**** INPUT FOR THIS TASK

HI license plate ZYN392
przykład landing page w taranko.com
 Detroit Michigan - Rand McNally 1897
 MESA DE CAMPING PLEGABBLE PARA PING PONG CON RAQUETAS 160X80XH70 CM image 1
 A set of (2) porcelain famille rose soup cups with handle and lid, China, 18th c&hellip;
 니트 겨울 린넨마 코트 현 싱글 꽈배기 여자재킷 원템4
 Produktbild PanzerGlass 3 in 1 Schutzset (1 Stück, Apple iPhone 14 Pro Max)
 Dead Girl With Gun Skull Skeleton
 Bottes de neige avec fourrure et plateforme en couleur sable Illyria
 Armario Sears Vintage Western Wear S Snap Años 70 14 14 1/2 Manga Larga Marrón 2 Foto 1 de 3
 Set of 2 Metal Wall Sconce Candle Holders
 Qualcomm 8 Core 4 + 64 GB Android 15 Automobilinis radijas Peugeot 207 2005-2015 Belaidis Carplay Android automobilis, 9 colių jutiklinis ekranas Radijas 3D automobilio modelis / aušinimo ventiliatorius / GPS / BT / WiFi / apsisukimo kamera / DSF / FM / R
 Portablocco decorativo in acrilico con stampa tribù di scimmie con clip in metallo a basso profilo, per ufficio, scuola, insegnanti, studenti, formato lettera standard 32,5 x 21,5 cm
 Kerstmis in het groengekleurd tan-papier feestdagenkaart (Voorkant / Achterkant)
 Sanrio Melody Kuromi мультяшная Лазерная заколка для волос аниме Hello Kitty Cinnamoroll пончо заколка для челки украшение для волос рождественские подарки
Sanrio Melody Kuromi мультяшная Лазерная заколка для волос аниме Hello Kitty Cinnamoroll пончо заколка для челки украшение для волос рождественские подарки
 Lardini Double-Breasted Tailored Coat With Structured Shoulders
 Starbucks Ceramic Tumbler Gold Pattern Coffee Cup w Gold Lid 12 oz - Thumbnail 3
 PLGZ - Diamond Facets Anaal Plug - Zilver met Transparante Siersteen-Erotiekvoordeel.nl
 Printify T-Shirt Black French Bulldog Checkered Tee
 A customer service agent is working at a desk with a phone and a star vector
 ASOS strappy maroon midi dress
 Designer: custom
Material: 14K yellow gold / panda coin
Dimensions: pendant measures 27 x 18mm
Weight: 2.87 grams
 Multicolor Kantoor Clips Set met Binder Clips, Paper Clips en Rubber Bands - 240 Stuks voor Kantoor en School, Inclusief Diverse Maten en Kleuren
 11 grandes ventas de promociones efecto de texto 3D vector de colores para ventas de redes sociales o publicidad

********

### [WHAT THE EXERCISE ASKS]
Among the entries above, find the line with "Bottes de neige" and the line with "Qualcomm 8 Core"; give again exactly these two lines and all lines between them.

### [RESULT]
 Bottes de neige avec fourrure et plateforme en couleur sable Illyria
 Armario Sears Vintage Western Wear S Snap Años 70 14 14 1/2 Manga Larga Marrón 2 Foto 1 de 3
 Set of 2 Metal Wall Sconce Candle Holders
 Qualcomm 8 Core 4 + 64 GB Android 15 Automobilinis radijas Peugeot 207 2005-2015 Belaidis Carplay Android automobilis, 9 colių jutiklinis ekranas Radijas 3D automobilio modelis / aušinimo ventiliatorius / GPS / BT / WiFi / apsisukimo kamera / DSF / FM / R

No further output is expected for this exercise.